Buggzi grabs my bag from me once I'm near the door. I blow then I close my eyes. I am a mother and a wife. Sometimes I got to do shit like this. Shit that doesn't fucking make sense. I'm the wife of Trey Songz and that requires dumb shit that other wives don't deal with. Some ordinary mothers maybe deal with this. So I can't even be like that. I can't even say it's a Trey Songz thing.
"Rollie!" I snap when he answers his phone.
"Hey, sweetness."
I suck my teeth at his live background. "Where the fuck you at?"
His background goes silent. "Where you need me to be baby?"
"Stupid Trey is calling me talking about ending his life and he sitting on a damn balcony somewhere in Vegas. So I have to fly to Vegas and pray he doesn't kill himself before I get there. I can't keep him on the phone and he won't answer no one else's calls."
"I'm in Vegas."
"What!?"
He chuckles. "Yeah, Forrest called me worried about Trey. So I been following him."
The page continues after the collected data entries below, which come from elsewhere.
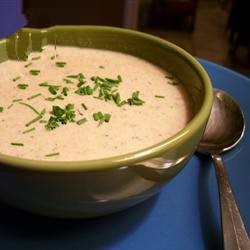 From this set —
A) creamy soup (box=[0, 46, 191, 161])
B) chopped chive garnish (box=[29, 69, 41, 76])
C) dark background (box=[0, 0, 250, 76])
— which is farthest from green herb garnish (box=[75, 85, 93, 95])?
dark background (box=[0, 0, 250, 76])

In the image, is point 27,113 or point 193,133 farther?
point 27,113

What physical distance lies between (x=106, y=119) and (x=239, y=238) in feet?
0.83

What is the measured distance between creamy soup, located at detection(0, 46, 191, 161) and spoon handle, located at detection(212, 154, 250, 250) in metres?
0.11

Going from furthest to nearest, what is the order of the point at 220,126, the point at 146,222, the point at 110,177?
the point at 220,126 → the point at 146,222 → the point at 110,177

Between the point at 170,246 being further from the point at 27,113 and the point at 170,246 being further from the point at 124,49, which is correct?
the point at 124,49

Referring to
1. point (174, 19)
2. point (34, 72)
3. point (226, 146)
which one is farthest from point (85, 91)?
point (174, 19)

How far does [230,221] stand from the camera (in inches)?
21.7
"You know where he is?" I say hopeful.
"I'll answer that in like 5 minutes."
"Imma be at the jet in a few minutes."
"Then I'll make it quicker baby." He says hanging up.
I call Trey on video. He doesn't answer. I blow. The good thing is it doesn't take a long time at all going from LA to Vegas on a jet. All the delay time and lines. Annoying little people who want to talk. All of the chaos out of the way.
"Do you want me to ride with you?"
"No, Buggzi. I got this."
He kinda shrugs. "I have nothing to do. I'll ride just in case."
"Then why you give me a choice, Bug?" I snap.
He chuckles focusing back on the road. My phone rings. I stare at it. It's not Trey or Rollie. Hell it's not even April. It's my damn mama. I sigh but answer it.
"I'm about to get on the plane."
"I was calling to check on Caden. How is he?"
I sigh. "I really don't know. I have to fly to Vegas. Trey having a celebrity life crisis."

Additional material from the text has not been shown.